> **Task instructions**:
Nothing but the lines from the one containing "Deli üfürür, bilgi konuşur." to the end of the data should be copied, exactly, and the pictures stay out.
►
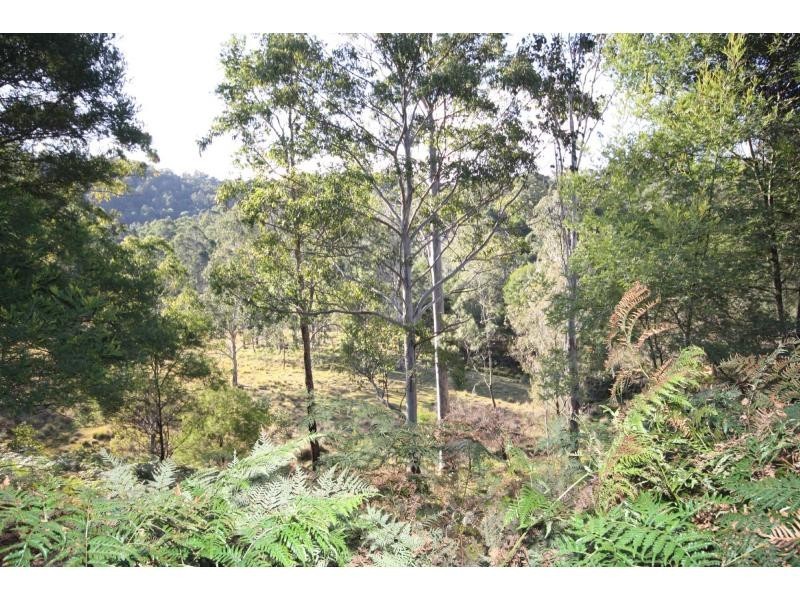 Yarras NSW 2446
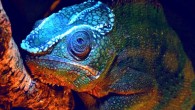 The panther chameleon shows fluorescent crests on the head. Image credit: David Prötzel, ZSM & LMU.
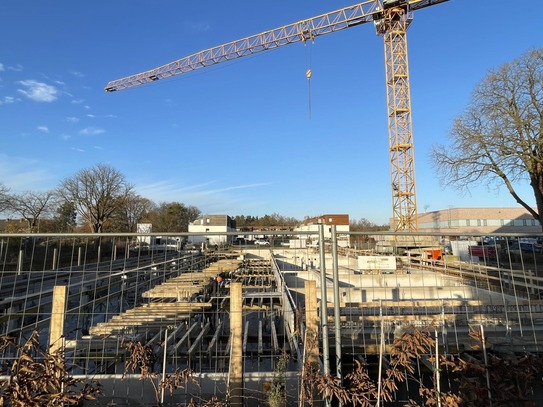 Terrassenwohnung im Hanseviertel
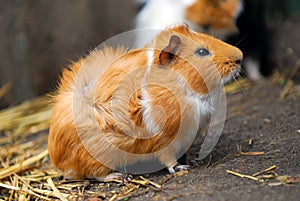 Guinea pig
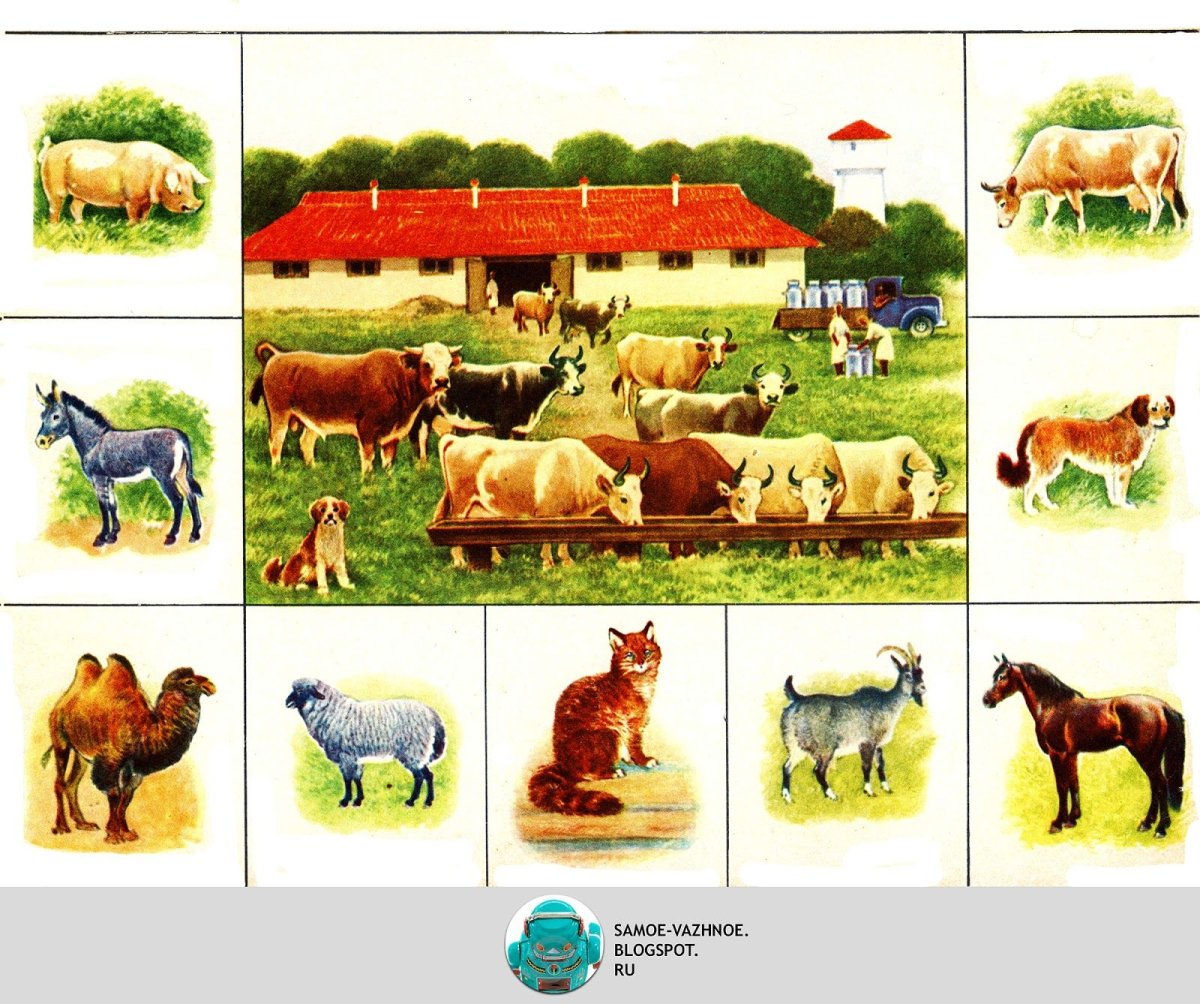 Дошниеживотные для детей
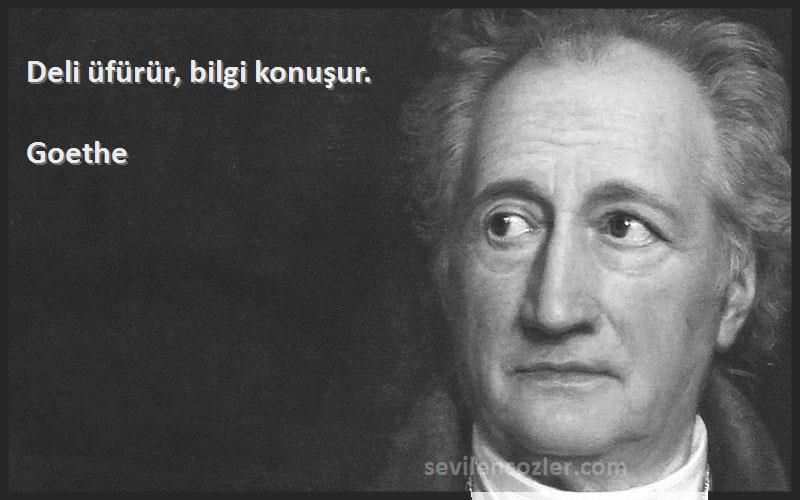 Goethe Sözleri 
Deli üfürür, bilgi konuşur.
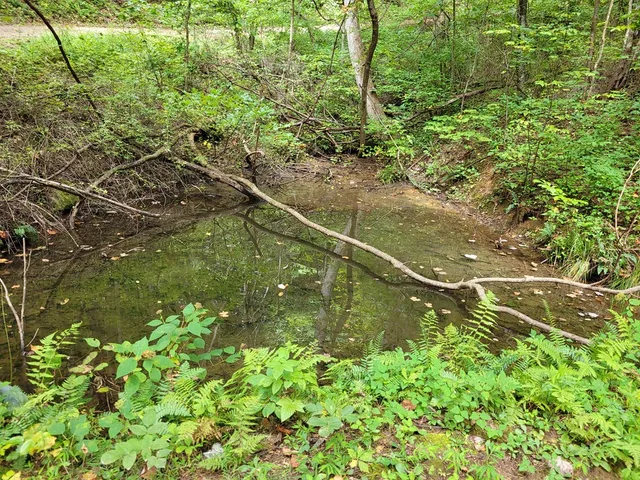 a view of a yard with a tree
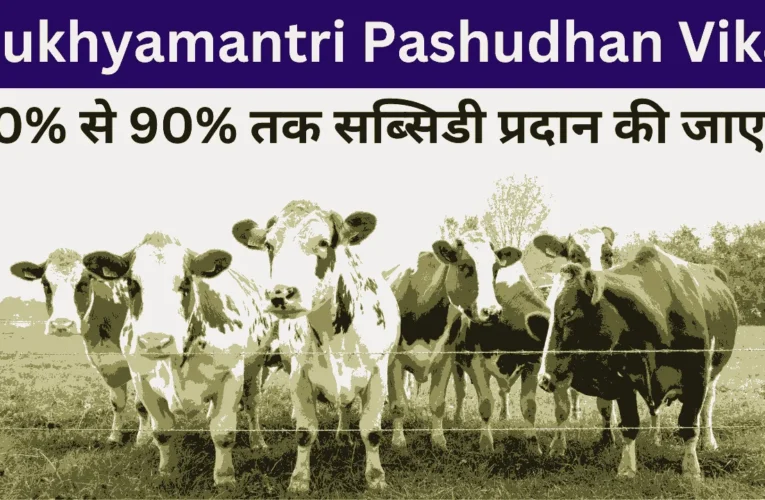 Mukhyamantri Pashudhan Vikas Yojana 2024: मुख्यमंत्री पशुधन विकास योजना आवेदन फॉर्म, किसानों को मिलेगी 90% सब्सिडी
◄
> **Your response**:
Deli üfürür, bilgi konuşur.
 a view of a yard with a tree
 Mukhyamantri Pashudhan Vikas Yojana 2024: मुख्यमंत्री पशुधन विकास योजना आवेदन फॉर्म, किसानों को मिलेगी 90% सब्सिडी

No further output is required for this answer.